# Buying a Sig P220 factory magazine clip



## cquence (Sep 29, 2008)

I'm looking to get another magazine clip, and just wondering if I should buy my clip directly from Sig or can I trust like say Midwayusa.com. They say they sell factory Sig Sauer magazine clips there. I have 2 clips and looking to get another one for my Equinox.


----------



## BeefyBeefo (Jan 30, 2008)

cquence said:


> I'm looking to get another magazine *clip,*:shock:





> and just wondering if I should buy my *clip*:rip:





> directly from Sig or can I trust like say Midwayusa.com. They say they sell factory Sig Sauer magazine *clips*:bio:





> there. I have 2 *clips*:enforcer:


:buttkick:


----------



## BeefyBeefo (Jan 30, 2008)

Oh, I forgot...

You can buy your *magazines* from anywhere, just purchase factory *magazines*.

-Jeff-:numbchuck:


----------



## DevilsJohnson (Oct 21, 2007)

:smt082

Midway sells factory mags..several people do. Do a little comparative shopping and go with the best price.


----------



## Ram Rod (Jan 16, 2008)

My local Gellco sporting goods store stocks them for $29.95 now. I bought three from there this past summer for $24.95. I've also bought a couple from topgunsupply whom I highly recommend. I've stuck with the factory stainless steel mags that say made in Italy...the eight rounders.
http://www.topgunsupply.com/magazines-sig-sauer_p220/


----------



## tekhead1219 (May 16, 2008)

What is a magazine clip? Is it for hanging the mag from your hip pocket? Would like to see how it goes into the well.:anim_lol:


----------



## Growler67 (Sep 8, 2008)

When checking the package, you can always trust MecGar. They produce the factory mags for SiG. There are other brands that are reliable, ProMag is NOT among these. Stay away.......far far away from these. Made cheaply and questionable reliability at best. I suppose they can be used for function drills but short of that.......

BTW, there are many in the firearms communities that have very strong feelings about terminology. "Clip" is common speak for "mall ninja" and other "blinded by Hollywierd" types that generally don't know much better. "Magazine" is the more accurate and proper term for what you are asking about. You can check www.topgunsupply.com for spares as well. Trusted vendor from personal experience and you will be hard pressed to find better service.


----------



## cquence (Sep 29, 2008)

Ok I will remember that..."MAGAZINE!" How many "Magazines" do you guys have for your gun? Just wanted to know cause I am debating if I should get just 1 or maybe even 2.


----------



## Growler67 (Sep 8, 2008)

cquence said:


> Ok I will remember that..."MAGAZINE!" How many "Magazines" do you guys have for your gun?

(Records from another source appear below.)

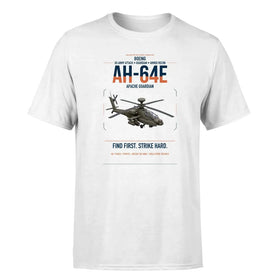 Single-Side Printing — Boeing AH-64E Apache Guardian Double-Side T-Shirt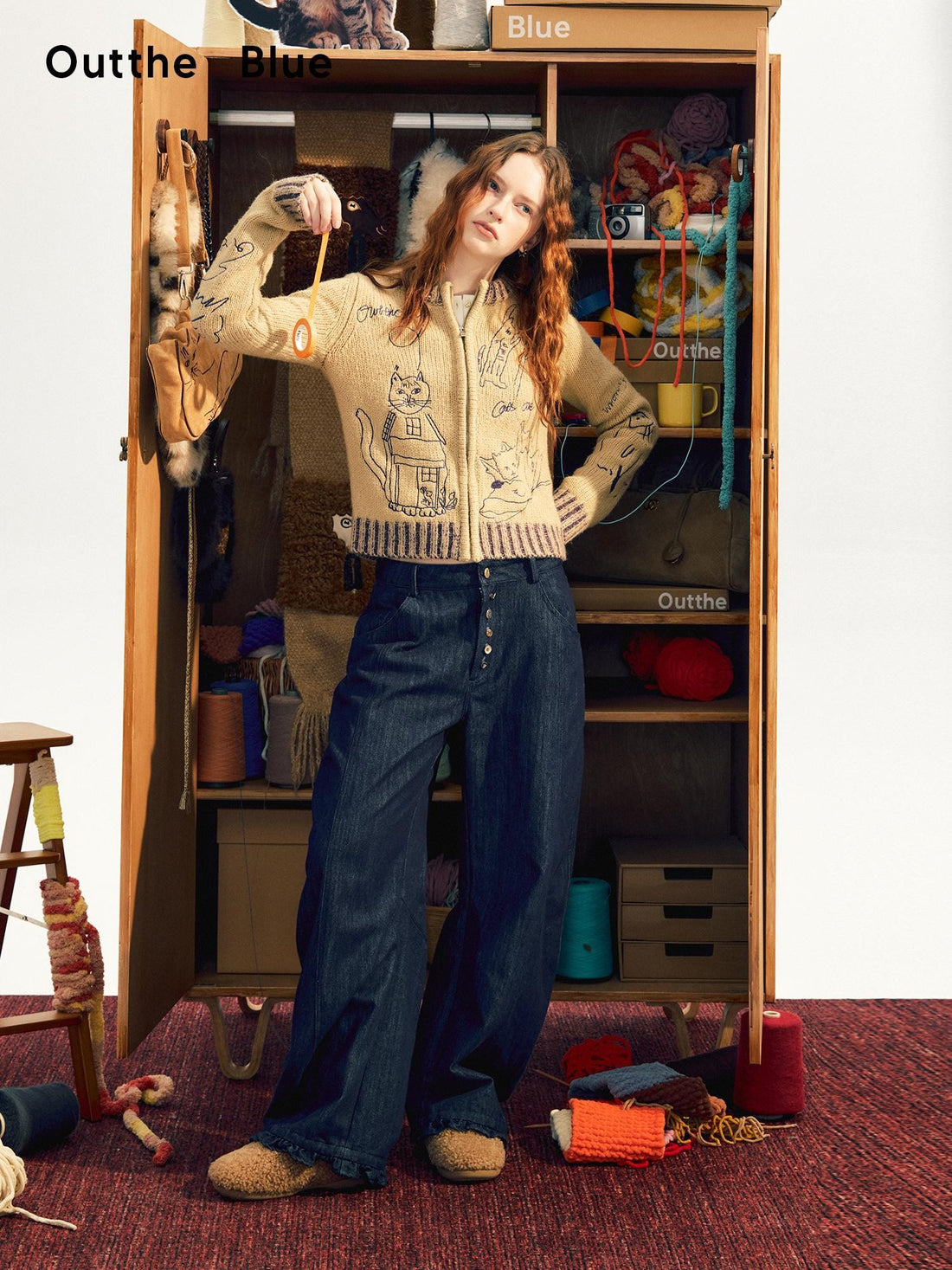 OuttheBlue Heavy Wash Vintage Raw Denim Women&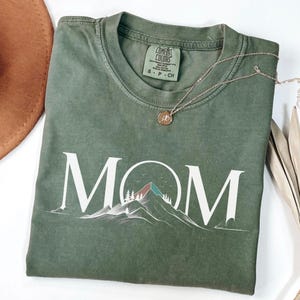 Comfort Colors® Mountain Mom Shirt, Camp T-Shirt, Camping Gift For Mom, Mother's Day Gift, Nature Mama Hiking Tee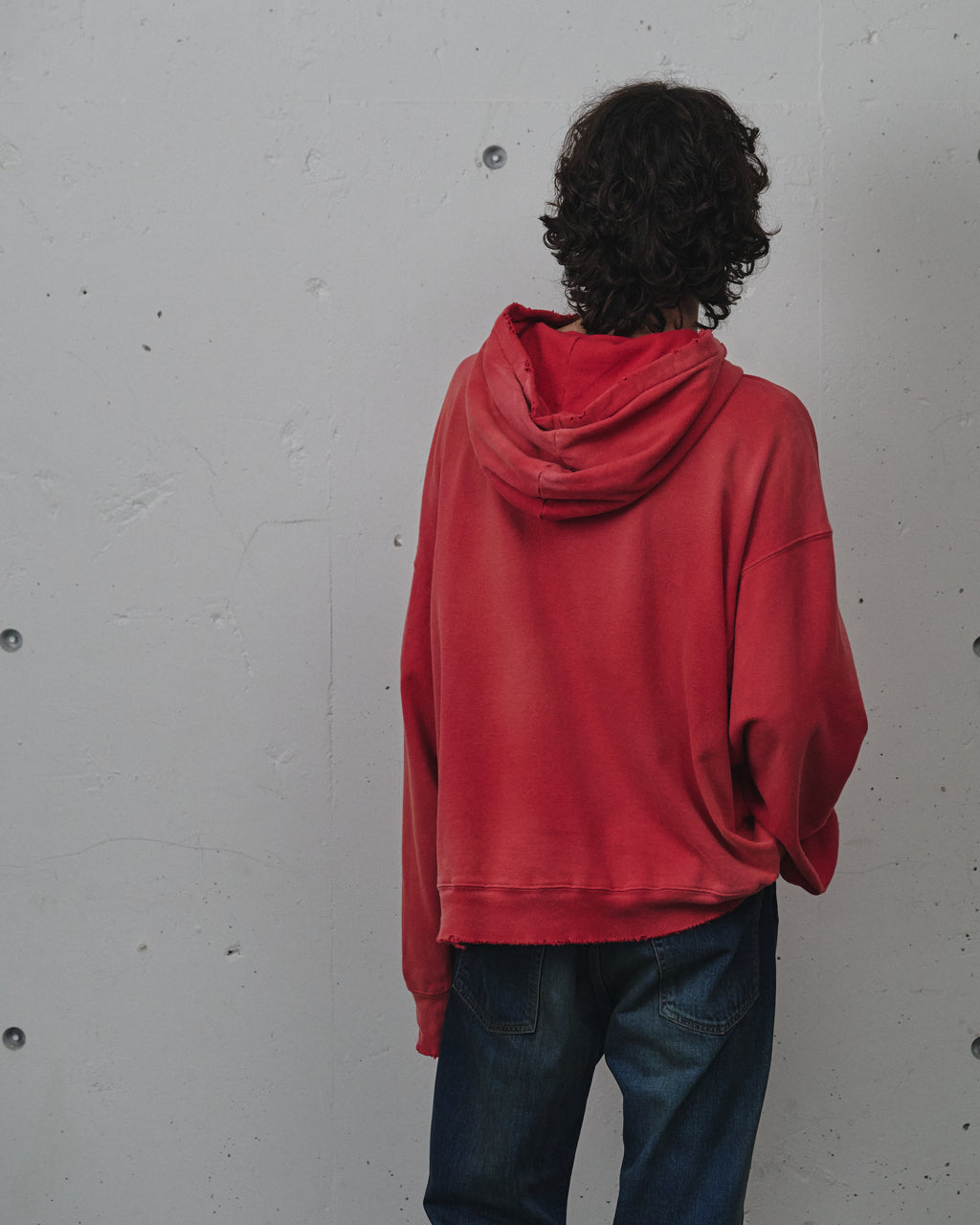 LIGHT LOOP ZIP HOODIE(RED)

Just wanted to know cause I am debating if I should get just 1 or maybe even 2.


Personal preference will dictate. I like to have 5 per. One in, two loaded is my "carry" setup with two spares for rotation. How ever many you choose will come down to your needs and wants. If you don't carry or intend to, then whatever you feel will suit your needs at the range will be fine.


----------



## Alaskan_Viking (Jun 13, 2006)

In response to OP.


----------



## JustRick (Sep 14, 2008)

cquence said:


> Ok I will remember that..."MAGAZINE!" How many "Magazines" do you guys have for your gun? Just wanted to know cause I am debating if I should get just 1 or maybe even 2.


Six. And if The One is elected president I might just buy a few more before Inauguration Day.


----------



## unpecador (May 9, 2008)

I currently have twelve between two handguns.


----------



## Ram Rod (Jan 16, 2008)

cquence said:


> Ok I will remember that..."MAGAZINE!" How many "Magazines" do you guys have for your gun? Just wanted to know cause I am debating if I should get just 1 or maybe even 2.


I keep five for my P220. More wouldn't be a bad idea, but I'm good for now.


----------